“Il pianeta delle scimmie” vale il prezzo del biglietto solo per l’aria condizionata al cinema

È l'ultimo episodio di una delle saghe più potenti e resistenti della narrativa cinematografica americana, lo ha diretto ancora Matt Reeves ed è un tentativo molto ardito di mischiare linguaggi e generi, peccato sia fallito proprio male

Si intitola The War, lo ha diretto Matt Reeves, è l’episodio che chiude il mazzo di una delle saghe più potenti e longeve della cinematografia americana, il Pianeta delle scimmie, ma è anche un arditissimo esperimento di sincretismo di generi, di linguaggi, di toni, di tecniche all’avanguardia. È proprio un peccato che sia un esperimento fallito, e fallito male.

15 anni dopo che una febbre incurabile ha decimato l’umanità, sulla Terra lo scontro tra specie sembra totale. Da una parte una tribù di scimmie guidata dal carismatico Cesare, dall’altra quel che resta dell’homo sapiens, ovvero un esercito di americani presi di peso da una collina del Vietnam anni Settanta e trasferiti su una collina identica a sparare a delle scimmie armate di lance.

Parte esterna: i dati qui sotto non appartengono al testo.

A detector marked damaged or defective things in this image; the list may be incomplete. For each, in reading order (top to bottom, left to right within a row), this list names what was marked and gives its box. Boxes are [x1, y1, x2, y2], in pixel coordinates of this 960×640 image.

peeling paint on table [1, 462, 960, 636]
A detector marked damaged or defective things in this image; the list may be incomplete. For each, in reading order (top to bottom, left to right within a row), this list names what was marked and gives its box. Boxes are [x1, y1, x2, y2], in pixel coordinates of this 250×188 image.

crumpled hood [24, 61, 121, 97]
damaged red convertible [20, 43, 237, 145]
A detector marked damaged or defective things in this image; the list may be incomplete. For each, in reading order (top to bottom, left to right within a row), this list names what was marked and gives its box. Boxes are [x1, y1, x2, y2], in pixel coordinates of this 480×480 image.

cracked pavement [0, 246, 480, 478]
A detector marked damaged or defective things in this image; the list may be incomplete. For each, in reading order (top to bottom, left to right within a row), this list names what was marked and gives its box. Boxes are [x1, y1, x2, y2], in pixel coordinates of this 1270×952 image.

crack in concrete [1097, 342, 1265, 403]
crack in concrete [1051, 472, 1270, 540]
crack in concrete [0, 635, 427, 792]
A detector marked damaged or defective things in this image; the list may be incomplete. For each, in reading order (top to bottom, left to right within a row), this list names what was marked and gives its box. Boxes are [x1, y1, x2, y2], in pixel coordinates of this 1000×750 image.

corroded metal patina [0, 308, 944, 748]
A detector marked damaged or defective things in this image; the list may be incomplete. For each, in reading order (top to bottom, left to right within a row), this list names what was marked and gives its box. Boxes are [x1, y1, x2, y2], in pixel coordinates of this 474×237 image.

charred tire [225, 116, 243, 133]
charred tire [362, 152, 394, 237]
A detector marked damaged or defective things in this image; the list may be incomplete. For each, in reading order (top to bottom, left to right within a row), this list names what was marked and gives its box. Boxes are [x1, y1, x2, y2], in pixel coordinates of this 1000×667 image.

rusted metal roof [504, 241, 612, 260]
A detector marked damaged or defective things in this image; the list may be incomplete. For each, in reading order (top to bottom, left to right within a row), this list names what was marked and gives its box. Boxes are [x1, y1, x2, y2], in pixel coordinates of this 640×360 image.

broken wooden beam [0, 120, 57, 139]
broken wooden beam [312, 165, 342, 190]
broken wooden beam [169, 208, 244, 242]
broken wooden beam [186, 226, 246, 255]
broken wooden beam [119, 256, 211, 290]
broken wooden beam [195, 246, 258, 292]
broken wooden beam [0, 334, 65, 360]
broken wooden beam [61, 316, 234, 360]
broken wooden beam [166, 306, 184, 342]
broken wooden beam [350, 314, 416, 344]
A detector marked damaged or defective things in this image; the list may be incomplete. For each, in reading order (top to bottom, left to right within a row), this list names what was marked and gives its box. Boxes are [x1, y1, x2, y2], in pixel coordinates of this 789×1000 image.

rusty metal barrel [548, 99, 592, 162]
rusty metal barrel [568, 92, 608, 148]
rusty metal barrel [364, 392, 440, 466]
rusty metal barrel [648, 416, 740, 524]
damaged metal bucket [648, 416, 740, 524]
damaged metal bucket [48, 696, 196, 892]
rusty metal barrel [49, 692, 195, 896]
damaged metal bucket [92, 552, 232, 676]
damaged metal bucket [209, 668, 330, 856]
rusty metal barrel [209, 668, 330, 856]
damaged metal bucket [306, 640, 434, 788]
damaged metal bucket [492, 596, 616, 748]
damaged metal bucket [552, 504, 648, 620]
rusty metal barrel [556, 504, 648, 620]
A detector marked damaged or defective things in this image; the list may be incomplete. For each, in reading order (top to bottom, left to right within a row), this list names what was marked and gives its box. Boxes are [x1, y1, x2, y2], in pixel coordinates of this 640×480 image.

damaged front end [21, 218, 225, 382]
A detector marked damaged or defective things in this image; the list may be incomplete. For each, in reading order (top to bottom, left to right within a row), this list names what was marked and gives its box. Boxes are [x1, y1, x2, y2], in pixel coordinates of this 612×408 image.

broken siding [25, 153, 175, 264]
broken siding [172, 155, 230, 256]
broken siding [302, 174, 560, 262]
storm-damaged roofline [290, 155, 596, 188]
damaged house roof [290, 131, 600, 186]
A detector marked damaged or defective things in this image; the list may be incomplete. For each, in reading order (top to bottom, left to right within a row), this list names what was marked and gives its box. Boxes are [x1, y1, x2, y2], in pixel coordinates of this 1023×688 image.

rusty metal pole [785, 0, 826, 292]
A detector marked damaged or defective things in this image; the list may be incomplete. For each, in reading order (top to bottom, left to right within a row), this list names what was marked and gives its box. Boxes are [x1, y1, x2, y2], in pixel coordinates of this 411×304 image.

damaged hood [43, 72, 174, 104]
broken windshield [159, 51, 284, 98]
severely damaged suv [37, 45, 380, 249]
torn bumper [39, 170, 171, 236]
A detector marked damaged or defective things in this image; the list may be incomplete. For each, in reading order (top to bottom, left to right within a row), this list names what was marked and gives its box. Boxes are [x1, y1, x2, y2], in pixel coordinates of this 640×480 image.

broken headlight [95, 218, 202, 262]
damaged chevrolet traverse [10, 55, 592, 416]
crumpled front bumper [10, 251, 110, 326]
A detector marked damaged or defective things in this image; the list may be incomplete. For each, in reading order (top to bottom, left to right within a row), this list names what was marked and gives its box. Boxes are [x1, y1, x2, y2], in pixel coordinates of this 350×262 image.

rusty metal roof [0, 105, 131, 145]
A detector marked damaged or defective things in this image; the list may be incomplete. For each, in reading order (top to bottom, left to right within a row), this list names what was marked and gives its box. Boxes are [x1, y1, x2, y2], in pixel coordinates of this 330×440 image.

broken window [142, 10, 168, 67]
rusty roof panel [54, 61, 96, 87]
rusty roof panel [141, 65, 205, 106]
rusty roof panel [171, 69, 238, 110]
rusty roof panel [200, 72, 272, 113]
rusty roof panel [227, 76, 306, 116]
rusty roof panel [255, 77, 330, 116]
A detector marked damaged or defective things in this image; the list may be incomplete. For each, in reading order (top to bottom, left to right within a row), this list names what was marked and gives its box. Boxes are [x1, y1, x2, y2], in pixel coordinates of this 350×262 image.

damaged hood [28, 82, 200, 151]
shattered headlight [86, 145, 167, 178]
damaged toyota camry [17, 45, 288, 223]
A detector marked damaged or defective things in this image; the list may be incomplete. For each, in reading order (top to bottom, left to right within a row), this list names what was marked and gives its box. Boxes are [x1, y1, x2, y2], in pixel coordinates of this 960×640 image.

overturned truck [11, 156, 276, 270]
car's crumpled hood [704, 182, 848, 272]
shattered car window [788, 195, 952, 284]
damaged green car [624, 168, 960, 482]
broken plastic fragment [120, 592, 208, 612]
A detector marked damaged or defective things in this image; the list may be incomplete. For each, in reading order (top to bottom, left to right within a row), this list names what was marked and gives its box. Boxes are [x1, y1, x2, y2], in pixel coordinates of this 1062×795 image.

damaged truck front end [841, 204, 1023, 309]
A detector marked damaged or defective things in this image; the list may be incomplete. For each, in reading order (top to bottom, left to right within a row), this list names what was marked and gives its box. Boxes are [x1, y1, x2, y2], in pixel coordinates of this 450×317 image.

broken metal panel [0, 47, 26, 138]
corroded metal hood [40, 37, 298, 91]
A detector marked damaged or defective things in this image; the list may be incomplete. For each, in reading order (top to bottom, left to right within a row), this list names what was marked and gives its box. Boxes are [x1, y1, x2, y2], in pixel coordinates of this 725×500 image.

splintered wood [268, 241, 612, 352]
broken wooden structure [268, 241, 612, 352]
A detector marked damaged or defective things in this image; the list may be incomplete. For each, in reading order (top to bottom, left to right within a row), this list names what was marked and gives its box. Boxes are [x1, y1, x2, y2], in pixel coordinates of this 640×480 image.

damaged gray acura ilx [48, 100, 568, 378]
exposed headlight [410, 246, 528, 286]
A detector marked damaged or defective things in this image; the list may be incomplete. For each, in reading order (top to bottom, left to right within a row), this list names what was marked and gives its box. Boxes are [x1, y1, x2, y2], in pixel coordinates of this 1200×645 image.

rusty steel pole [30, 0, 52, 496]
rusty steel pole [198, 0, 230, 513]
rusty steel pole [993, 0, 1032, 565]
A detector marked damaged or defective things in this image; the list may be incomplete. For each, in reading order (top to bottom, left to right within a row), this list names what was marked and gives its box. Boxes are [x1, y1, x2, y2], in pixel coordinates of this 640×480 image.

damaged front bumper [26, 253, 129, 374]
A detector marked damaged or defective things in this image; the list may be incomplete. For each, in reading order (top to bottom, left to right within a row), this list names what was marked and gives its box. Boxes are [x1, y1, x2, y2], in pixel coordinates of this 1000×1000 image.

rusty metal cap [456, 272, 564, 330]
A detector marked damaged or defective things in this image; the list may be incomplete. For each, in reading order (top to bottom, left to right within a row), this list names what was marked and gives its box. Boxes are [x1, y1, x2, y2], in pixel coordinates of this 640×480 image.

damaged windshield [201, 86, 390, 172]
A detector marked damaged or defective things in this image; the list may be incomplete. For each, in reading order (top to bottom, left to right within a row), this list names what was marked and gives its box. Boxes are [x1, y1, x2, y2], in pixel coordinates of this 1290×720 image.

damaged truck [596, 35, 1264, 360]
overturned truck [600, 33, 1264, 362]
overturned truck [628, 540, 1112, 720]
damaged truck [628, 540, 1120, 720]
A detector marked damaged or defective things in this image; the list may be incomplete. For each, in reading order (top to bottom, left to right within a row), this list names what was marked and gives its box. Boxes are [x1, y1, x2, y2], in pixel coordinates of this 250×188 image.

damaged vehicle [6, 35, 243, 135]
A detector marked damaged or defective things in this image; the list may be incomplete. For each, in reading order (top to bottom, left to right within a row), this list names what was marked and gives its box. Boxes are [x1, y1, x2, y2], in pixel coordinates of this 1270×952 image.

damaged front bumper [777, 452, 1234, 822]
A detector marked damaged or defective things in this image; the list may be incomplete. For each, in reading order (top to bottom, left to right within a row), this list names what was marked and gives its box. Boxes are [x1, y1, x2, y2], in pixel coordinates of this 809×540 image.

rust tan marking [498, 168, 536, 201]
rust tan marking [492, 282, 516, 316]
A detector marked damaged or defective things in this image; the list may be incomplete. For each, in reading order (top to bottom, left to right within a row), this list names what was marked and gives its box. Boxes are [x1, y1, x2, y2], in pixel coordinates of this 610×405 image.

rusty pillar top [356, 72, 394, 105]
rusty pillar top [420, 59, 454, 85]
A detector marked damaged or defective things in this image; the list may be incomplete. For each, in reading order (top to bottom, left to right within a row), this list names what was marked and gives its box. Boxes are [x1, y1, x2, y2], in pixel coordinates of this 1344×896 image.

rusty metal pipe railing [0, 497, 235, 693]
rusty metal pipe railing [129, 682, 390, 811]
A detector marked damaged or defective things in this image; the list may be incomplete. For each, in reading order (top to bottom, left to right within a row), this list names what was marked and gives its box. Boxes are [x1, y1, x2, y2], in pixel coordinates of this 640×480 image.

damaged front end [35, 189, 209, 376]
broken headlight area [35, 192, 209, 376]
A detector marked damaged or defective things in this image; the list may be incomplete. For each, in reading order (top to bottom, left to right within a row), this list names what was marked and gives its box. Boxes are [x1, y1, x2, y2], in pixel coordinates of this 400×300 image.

La scena iniziale è magistrale e fa da subito ben sperare: trasuda epica, la violenza è senza quartiere, la bussola del buono-cattivo è piacevolmente impazzita e lo spettatore si sfrega le mani da tanta potenzialità. Ma dura poco, perché dopo la decina di minuti di botte da orbi, lance che attraversano soldati e scimmie che esplodono, la guerra si eclissa e parte un pippone maestoso fatto di sguardi malinconici tra scimmie che borbottano e di dialoghi improbabilmente maieutici — di quelli funzionali a portare avanti la trama senza fare la minima fatica drammaturgica — tra personaggi piatti, soldati unidimensionalmente pazzi da legare.

Matt Reeves, che ha curato anche la sceneggiatura, ci prova ad ogni angolo a mettere sotto il naso dello spettatore qualche ammicco ai classici, da Apocalypse Now fino a The Great Escape, ma il risultato non si schioda dallo zero a zero, i personaggi diventano rapidamente macchiette e mentre quello che doveva far la parte del colonnello Kurz di turno — un imbolsito Woody Harrelson — ricorda molto di più lo scalcagnato Diacon, il cattivone di Waterworld impersonato da Dennis Hopper (che per quella parte vinse un Razzie Award al peggior attore non protagonista, giusto due anni dopo lo stesso Harrelson), entra persino in scena Bad Ape, una scimmia maldestra nata in cattività e vestita come Fantozzi, un puntello comico che sarebbe anche interessante se non fosse buttato nella mischia di una guerra interspecie dopo una catastrofe planetaria.

Si sarebbe potuto cercare di salvare per i capelli questo film parlando del tentativo di Reeves di incrociare generi diversi, dal war movie al western al prison break, se almeno da questo versante ci fosse riuscito. E invece no, anche da questo punto di vista la toppa è grossa e il peccato ancora più grave, perché qualche carta in mano Reeves dimostra di averla, ma se le gioca proprio male.

Toppa il versante war movie, per esempio, lasciato evaporare dopo la prima bellissima scena e ripreso nel finale con una scena gloriosamente pataccara — non spoilero, ma c’è da ridere —; toppa il versante western buttandolo su un noioso inseguimento da parte di quattro scimmioni e una bambina muta che vale solo per qualche inquadratura che effettivamente ti fa venire voglia di sellare un mustang; e toppa pure il versante prison break, imbastendo un minestrone oscillante tra l’improbabile rocambolesco e il prevedibile stereotipo.

Ma c’è anche un ulteriore genere che Matt Reeves toppa in maniera disarmante, ed era quello più importante, il distopico post apocalittico. Un genere che oltre a far da ovvia cornice, viene anche arricchito di un ulteriore elemento — una strana malattia che colpisce il linguaggio degli uomini e lo fa regredire — un elemento che poteva essere geniale e utile come un jolly joker in una partita di scala quaranta, ma che è stato scartato come il peggiore due di picche, facendo pensare che i milioni investiti in effetti digitali sia stato risparmiato grazie a tagli a mannaia su chi doveva occuparsi di avere cura che la struttura narrativa, i personaggi e i dialoghi di questo film fossero quantomeno non ridicoli.